D. Ma ultimamente gli stessi curdi del Pkk sembrano aver rinunciato all’idea di uno Stato unico e quindi accettano l’idea di comunità curde separate in Turchia, Siria, Iraq e Iran. Dov’è la minaccia?

R. Sì, non è una seria minaccia. Eppure i curdi continuano a essere percepiti come un problema.

D. Si può dire che, paradossalmente, l’Iran e la Turchia, non esattamente degli “amici”, trovano un terreno comune sulla questione curda?

R. In realtà da molti anni l’Iran e la Turchia sono molto “amici” dal punto di vista degli scambi economici. Però due questioni li dividono: l’Isis, verso il quale l’Iran è decisamente più aggressivo, e Assad, tradizionale alleato di Teheran, ma un nemico per Ankara.

D. C’è stato un recente incontro tra il Segretario di Stato americano Kerry e il ministro degli Esteri russo Lavrov. Ci si muove verso un accordo che includa un regime change in Siria, e questo potrebbe includere un’uscita di scena di Assad.

R. Sì, prima o dopo, fermo restando che sia gli Usa sia la Russia sono opposti all’Isis, non è da escludere una qualche soluzione salva-faccia per Assad che trovi d’accordo le due super potenze. Una di queste potrebbe consistere nel far rimanere al potere Assad, ma in controllo di un’entità territoriale ridotta.

D. Gli Usa potrebbero fare di più per combattere l'Isis?

R. Può darsi, ma quello che è più importante, nel lungo termine, è una riforma politica e sociale nel Medio Oriente. Se ciò non avviene ci potrà sempre essere qualche forza simile all’Isis che attrae parte della popolazione.

D. Come Boko Haram in Nigeria, il cui successo è legato alla povertà di molti giovani che entrano nelle sue fila e al fatto che i soldati governativi sono sottopagati?

R. Esattamente. La storia è sempre la stessa. Ciò che manca in Medio Oriente, e l’Iraq è un classico esempio, è quella che Gramsci chiamava la “circolazione delle élite”.

D. Cioè?

R. La capacità di certe élite di mettersi da parte per fare posto al nuovo. La democrazia è compromesso, in questo senso, e quindi c’è ancora molta strada da fare, temo.

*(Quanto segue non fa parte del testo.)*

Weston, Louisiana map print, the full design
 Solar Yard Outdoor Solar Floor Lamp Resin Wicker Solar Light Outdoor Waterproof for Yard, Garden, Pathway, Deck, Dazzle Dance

D. Che ruolo gioca la Cina nella schacchiera mediorientale?

R. Ha interessi specifici nel Medio Oriente a causa del suo bisogno di risorse energetiche, di commercio e di commesse militari. Al tempo stesso i cinesi non sono favorevoli all’intervenzionismo negli affari domestici, per lo stesso motivo per cui non gradiscono alcun intervento internazionale nei loro affari. Una cosa è certa: l’accordo con l’Iran offrirà grandi opportunità a Pechino.

Sanam Vakil, docente di Politica mediorientale a Bologna.